--- START ---

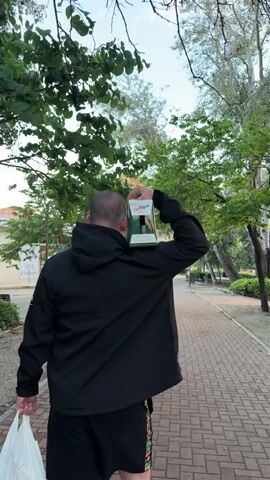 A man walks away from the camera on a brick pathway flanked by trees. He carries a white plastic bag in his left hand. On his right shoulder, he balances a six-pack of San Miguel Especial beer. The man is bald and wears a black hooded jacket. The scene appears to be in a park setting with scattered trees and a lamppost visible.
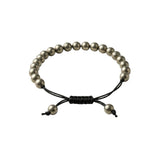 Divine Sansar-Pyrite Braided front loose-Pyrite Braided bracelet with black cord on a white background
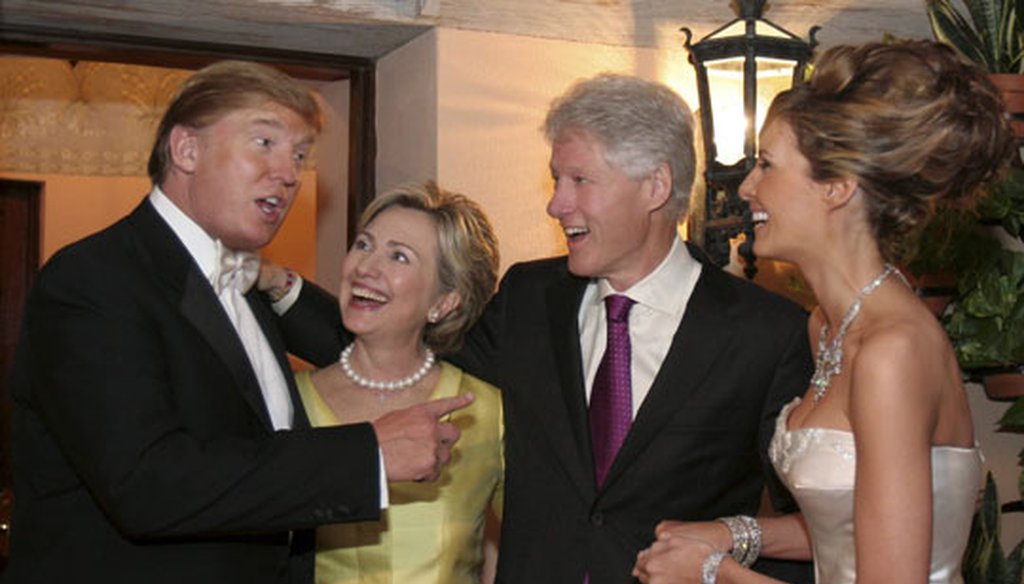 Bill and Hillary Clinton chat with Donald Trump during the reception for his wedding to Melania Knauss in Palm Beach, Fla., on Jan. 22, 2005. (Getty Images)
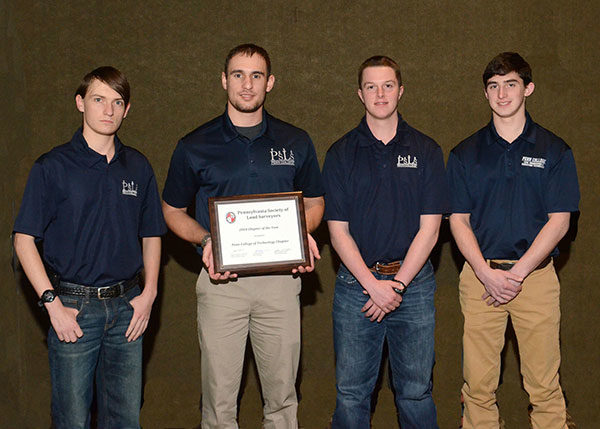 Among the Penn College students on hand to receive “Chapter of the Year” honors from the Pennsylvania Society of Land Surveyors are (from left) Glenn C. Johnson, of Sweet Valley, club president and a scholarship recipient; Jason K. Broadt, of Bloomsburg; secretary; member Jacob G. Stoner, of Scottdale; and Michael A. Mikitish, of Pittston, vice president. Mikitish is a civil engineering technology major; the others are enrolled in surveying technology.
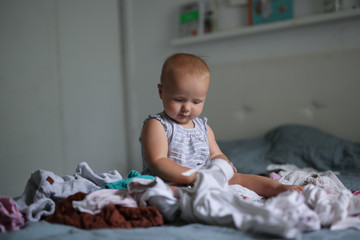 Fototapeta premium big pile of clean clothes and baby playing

--- END ---
--- START ---

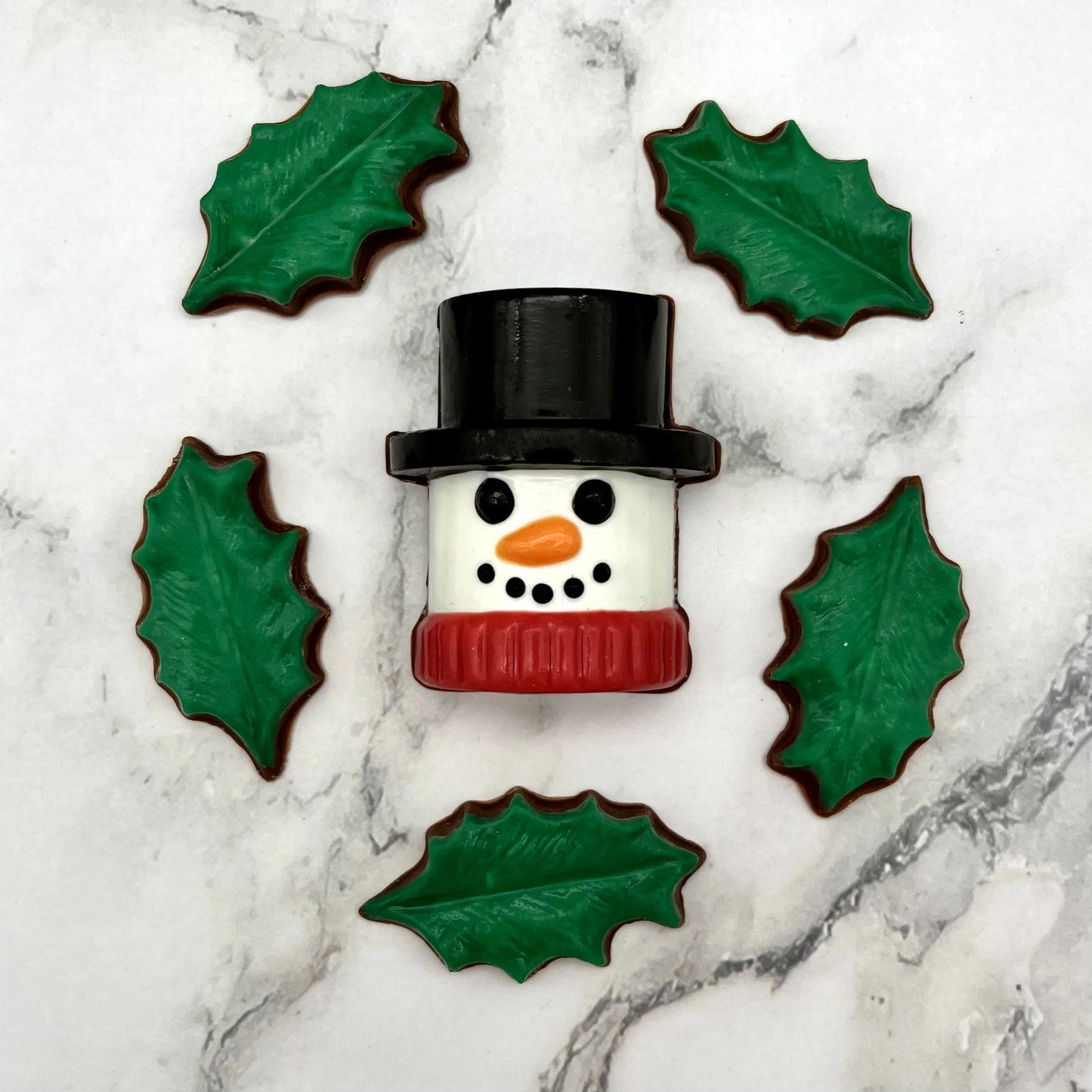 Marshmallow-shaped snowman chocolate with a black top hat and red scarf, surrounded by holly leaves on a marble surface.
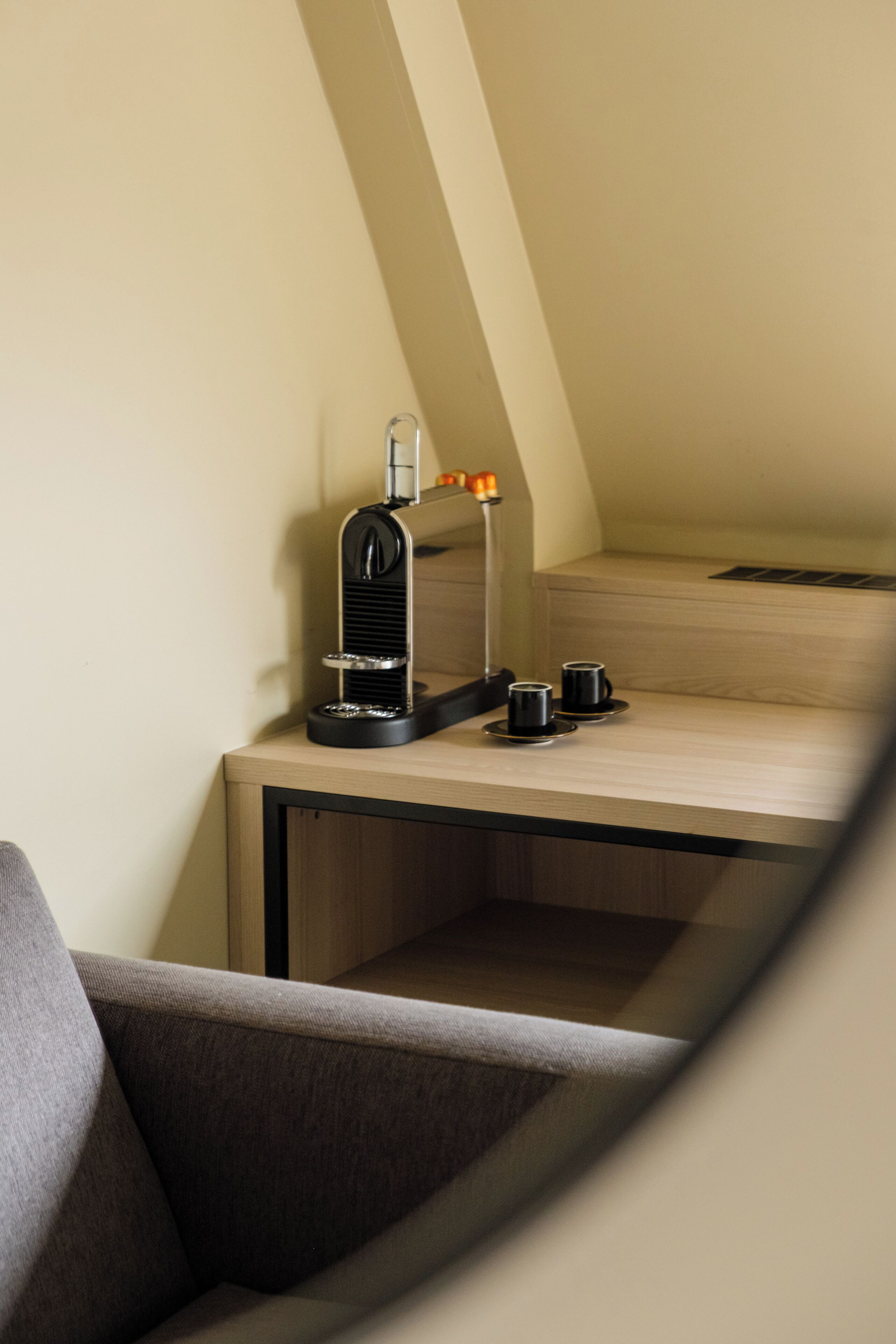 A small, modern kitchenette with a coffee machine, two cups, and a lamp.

--- END ---
--- START ---

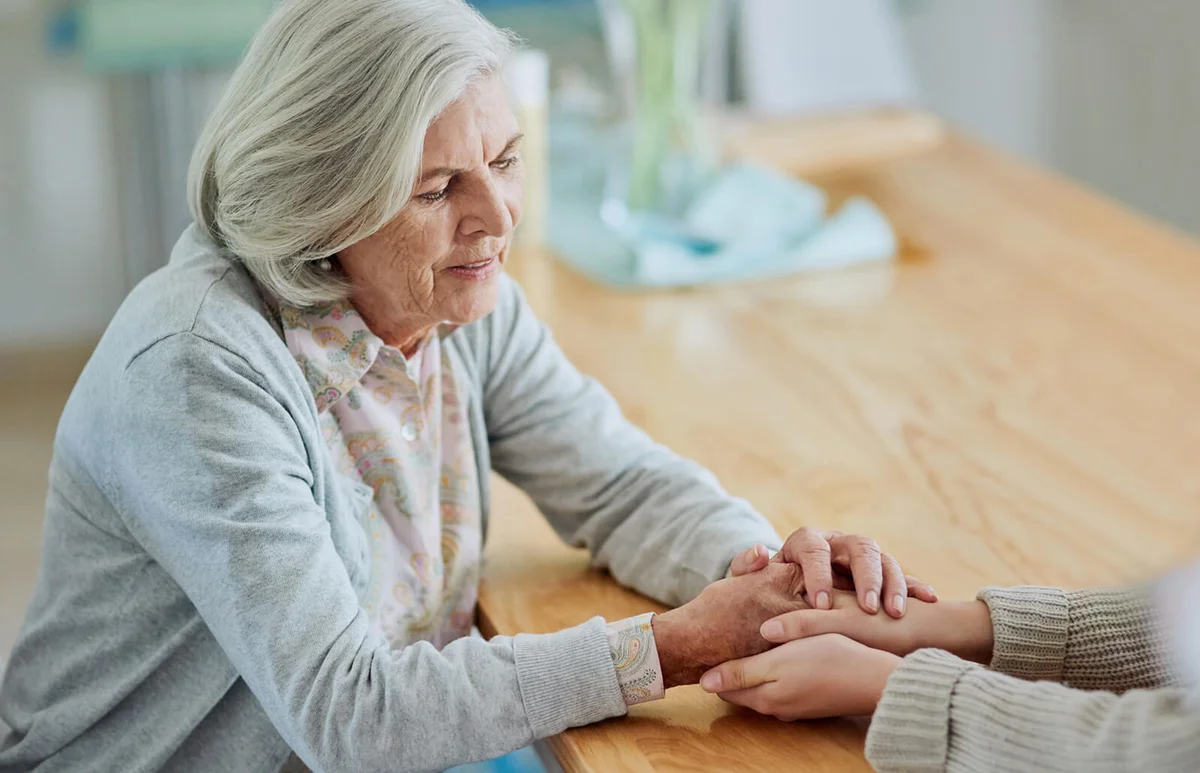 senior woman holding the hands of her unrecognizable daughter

--- END ---

■ Prompt:
Copy word for word only the lines above from the one with "A man walks" through the one with "Bill and Hillary". Leave pictures out.

■ Solution for this exercise:
 A man walks away from the camera on a brick pathway flanked by trees. He carries a white plastic bag in his left hand. On his right shoulder, he balances a six-pack of San Miguel Especial beer. The man is bald and wears a black hooded jacket. The scene appears to be in a park setting with scattered trees and a lamppost visible.
 Divine Sansar-Pyrite Braided front loose-Pyrite Braided bracelet with black cord on a white background
 Bill and Hillary Clinton chat with Donald Trump during the reception for his wedding to Melania Knauss in Palm Beach, Fla., on Jan. 22, 2005. (Getty Images)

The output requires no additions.